:: Provided records ::

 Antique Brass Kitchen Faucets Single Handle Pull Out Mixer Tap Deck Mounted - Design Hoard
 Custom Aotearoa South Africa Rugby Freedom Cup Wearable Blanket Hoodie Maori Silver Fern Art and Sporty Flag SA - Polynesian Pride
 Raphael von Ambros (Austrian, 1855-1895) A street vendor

:::
:: Provided records ::

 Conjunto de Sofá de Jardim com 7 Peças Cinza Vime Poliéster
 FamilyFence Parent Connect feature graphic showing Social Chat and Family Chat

:::

Aim of the exercise: Leave out every line above except those from the line with "Antique Brass Kitchen" up to and including the line with "Raphael von Ambros", and copy those exactly.

Solution to this task:
 Antique Brass Kitchen Faucets Single Handle Pull Out Mixer Tap Deck Mounted - Design Hoard
 Custom Aotearoa South Africa Rugby Freedom Cup Wearable Blanket Hoodie Maori Silver Fern Art and Sporty Flag SA - Polynesian Pride
 Raphael von Ambros (Austrian, 1855-1895) A street vendor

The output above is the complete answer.